**Exercise brief**
As the answer, give exactly the lines of the records below from the one with "Adorable Young Brother" through the one with "Beige perforēti potītes", ends included and pictures left out.

**Task material**
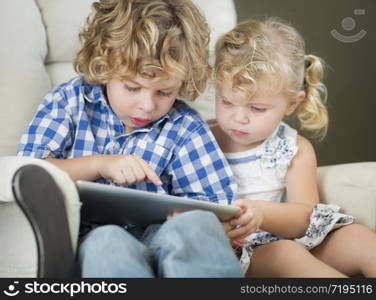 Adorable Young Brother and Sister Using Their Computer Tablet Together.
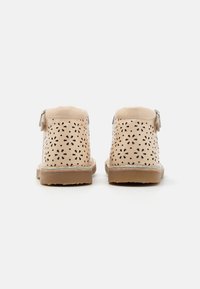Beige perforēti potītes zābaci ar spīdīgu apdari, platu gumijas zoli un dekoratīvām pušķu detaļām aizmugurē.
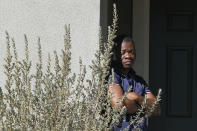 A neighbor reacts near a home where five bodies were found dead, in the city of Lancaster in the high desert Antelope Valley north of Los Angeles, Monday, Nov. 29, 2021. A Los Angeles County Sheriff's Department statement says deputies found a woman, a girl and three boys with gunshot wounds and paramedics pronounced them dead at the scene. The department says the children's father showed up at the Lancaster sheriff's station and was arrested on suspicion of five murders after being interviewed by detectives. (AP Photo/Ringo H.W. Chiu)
==
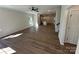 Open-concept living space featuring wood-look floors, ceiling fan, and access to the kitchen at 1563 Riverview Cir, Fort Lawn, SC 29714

**Problem solution**
 Adorable Young Brother and Sister Using Their Computer Tablet Together.
Beige perforēti potītes zābaci ar spīdīgu apdari, platu gumijas zoli un dekoratīvām pušķu detaļām aizmugurē.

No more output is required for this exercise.